_WHAT THIS TASK INVOLVES_. Write out each line of the material exactly as given, and drop the images.

_DATA PROVIDED_.
────

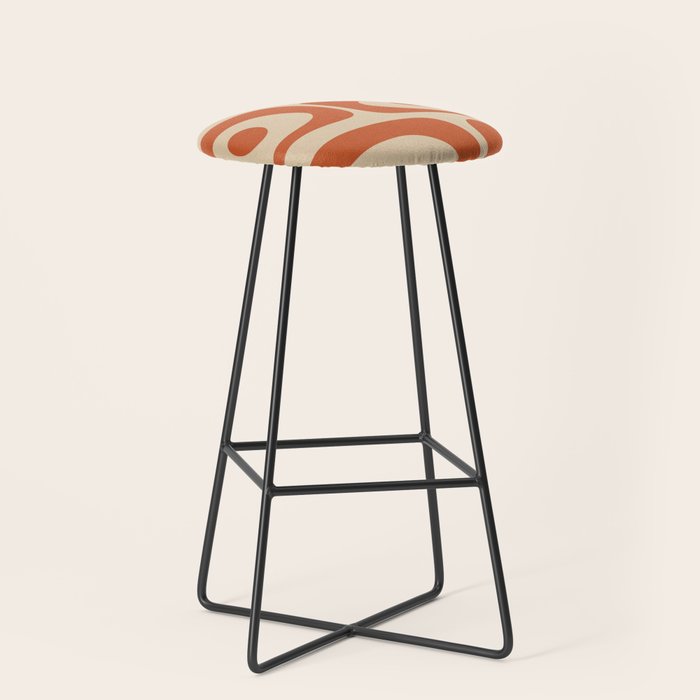 Mid Century Modern Piquet Abstract Pattern Mid Mod Burnt Orange and Beige  Stool Gallery Image 1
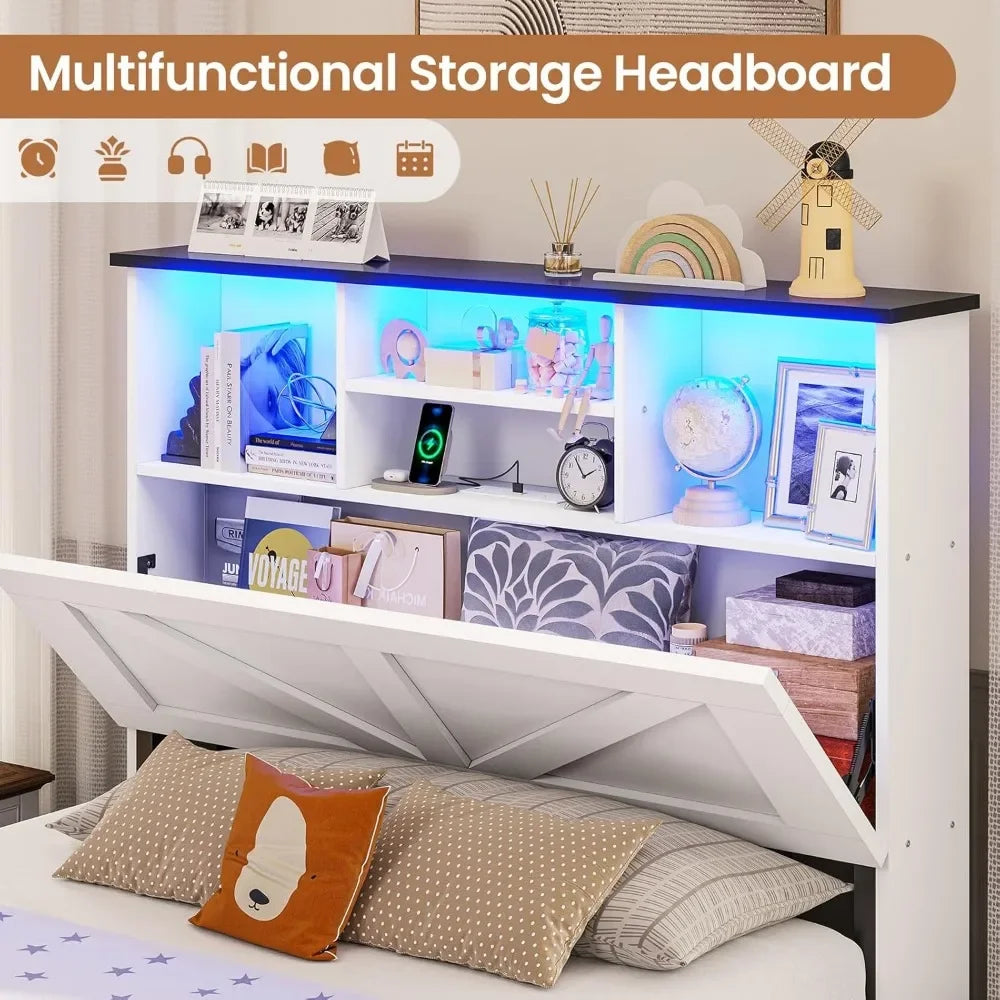 Bed Frame Twin Size with Bookcase Storage Headboard, Charging Station and LED Lights, Wooden Twin Bed Frames with 4 Drawers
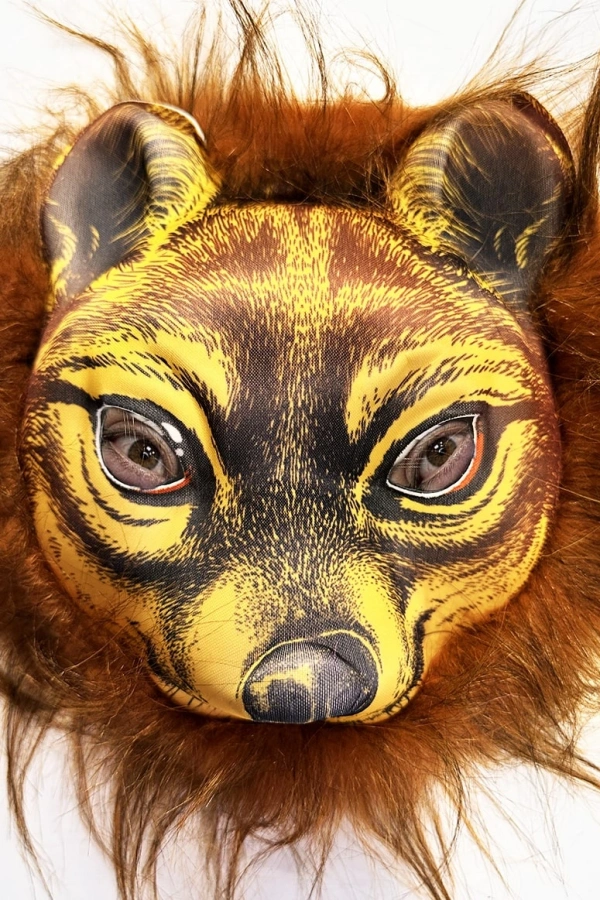 Kahverengi Saçlı Kaplan Aslan Leopar Maskesi Mega Peluş 32 No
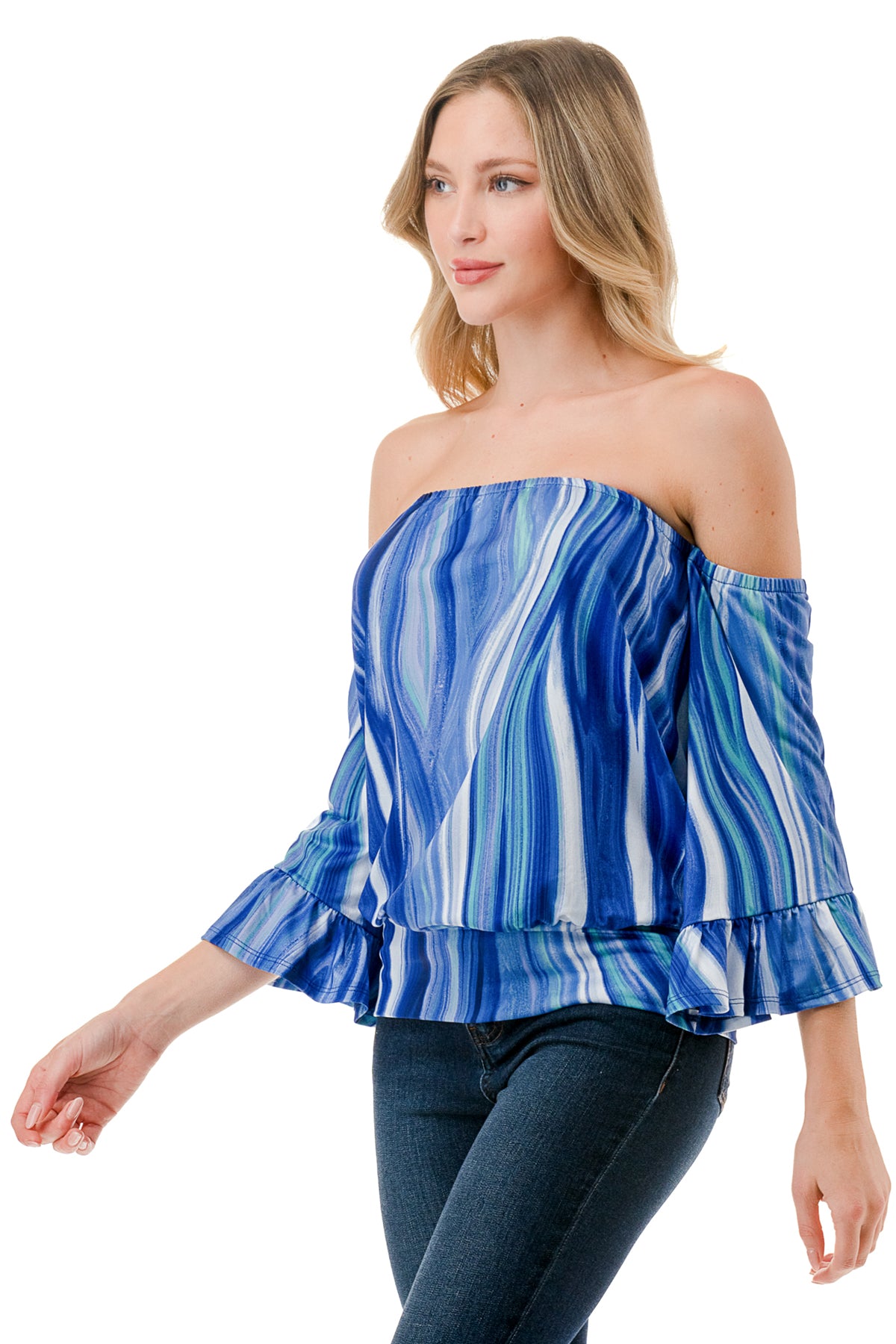 LOUISA OFF SHOULDER TOP (BLUE WATERCOLOR)-VT3299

────

_WRITTEN SOLUTION_.
 Mid Century Modern Piquet Abstract Pattern Mid Mod Burnt Orange and Beige  Stool Gallery Image 1
 Bed Frame Twin Size with Bookcase Storage Headboard, Charging Station and LED Lights, Wooden Twin Bed Frames with 4 Drawers
 Kahverengi Saçlı Kaplan Aslan Leopar Maskesi Mega Peluş 32 No
 LOUISA OFF SHOULDER TOP (BLUE WATERCOLOR)-VT3299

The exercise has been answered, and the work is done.